> [MATERIALS PROVIDED]:
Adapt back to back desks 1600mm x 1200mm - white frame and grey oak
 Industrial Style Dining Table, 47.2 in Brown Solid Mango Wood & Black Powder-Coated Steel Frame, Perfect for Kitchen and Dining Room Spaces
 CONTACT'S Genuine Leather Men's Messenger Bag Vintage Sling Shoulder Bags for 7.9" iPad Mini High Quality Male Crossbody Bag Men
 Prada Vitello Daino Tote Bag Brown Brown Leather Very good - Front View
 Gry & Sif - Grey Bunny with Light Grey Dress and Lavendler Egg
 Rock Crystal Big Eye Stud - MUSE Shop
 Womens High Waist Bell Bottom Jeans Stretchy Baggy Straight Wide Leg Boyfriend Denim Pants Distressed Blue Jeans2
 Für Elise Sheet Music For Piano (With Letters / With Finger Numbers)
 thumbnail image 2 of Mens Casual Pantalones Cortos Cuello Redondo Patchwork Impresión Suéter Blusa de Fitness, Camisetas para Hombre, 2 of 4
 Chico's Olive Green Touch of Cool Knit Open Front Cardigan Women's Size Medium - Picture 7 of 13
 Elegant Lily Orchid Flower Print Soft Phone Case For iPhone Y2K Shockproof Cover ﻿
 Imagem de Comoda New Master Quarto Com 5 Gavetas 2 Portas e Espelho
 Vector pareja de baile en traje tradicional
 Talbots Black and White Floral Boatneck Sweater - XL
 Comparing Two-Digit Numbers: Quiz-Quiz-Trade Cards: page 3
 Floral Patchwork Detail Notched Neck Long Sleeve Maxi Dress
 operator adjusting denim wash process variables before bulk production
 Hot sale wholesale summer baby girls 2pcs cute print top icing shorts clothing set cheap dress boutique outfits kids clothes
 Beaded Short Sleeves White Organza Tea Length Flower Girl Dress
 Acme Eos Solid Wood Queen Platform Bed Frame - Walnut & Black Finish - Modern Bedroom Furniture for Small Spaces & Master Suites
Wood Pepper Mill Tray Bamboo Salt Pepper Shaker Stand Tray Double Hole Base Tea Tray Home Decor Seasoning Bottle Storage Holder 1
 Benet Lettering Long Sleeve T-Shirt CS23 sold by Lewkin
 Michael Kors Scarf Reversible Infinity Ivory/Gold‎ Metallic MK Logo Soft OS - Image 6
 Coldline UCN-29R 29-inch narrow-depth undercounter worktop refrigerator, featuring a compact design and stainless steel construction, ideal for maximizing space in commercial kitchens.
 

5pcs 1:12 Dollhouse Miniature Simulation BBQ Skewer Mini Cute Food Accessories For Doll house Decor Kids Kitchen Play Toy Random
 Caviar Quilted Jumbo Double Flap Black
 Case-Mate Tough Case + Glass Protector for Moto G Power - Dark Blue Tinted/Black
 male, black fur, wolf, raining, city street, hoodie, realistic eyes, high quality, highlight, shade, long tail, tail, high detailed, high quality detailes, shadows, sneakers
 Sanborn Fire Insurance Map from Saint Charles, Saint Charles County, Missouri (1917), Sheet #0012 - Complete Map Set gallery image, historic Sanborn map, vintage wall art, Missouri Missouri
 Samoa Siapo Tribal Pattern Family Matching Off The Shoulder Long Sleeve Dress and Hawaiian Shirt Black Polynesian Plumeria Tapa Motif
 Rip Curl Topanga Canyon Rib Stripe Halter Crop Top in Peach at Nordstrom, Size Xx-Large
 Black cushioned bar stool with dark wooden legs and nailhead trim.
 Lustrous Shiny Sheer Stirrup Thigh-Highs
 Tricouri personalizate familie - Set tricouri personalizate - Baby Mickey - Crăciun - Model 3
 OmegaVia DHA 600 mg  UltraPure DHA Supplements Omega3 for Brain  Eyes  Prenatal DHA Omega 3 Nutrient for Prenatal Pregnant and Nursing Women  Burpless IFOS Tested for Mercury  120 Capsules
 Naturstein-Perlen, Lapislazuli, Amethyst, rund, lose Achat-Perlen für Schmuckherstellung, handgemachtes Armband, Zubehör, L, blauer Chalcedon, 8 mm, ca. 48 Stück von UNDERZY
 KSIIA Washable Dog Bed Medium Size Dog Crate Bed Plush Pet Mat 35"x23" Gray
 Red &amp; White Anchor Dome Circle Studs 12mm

> [TASK ITEM]:
From the data above, reproduce word for word the lines running from the line with "Comparing Two-Digit Numbers: Quiz-Quiz-Trade" to the line with "Hot sale wholesale", ends included.

> [WRITTEN SOLUTION]:
 Comparing Two-Digit Numbers: Quiz-Quiz-Trade Cards: page 3
 Floral Patchwork Detail Notched Neck Long Sleeve Maxi Dress
 operator adjusting denim wash process variables before bulk production
 Hot sale wholesale summer baby girls 2pcs cute print top icing shorts clothing set cheap dress boutique outfits kids clothes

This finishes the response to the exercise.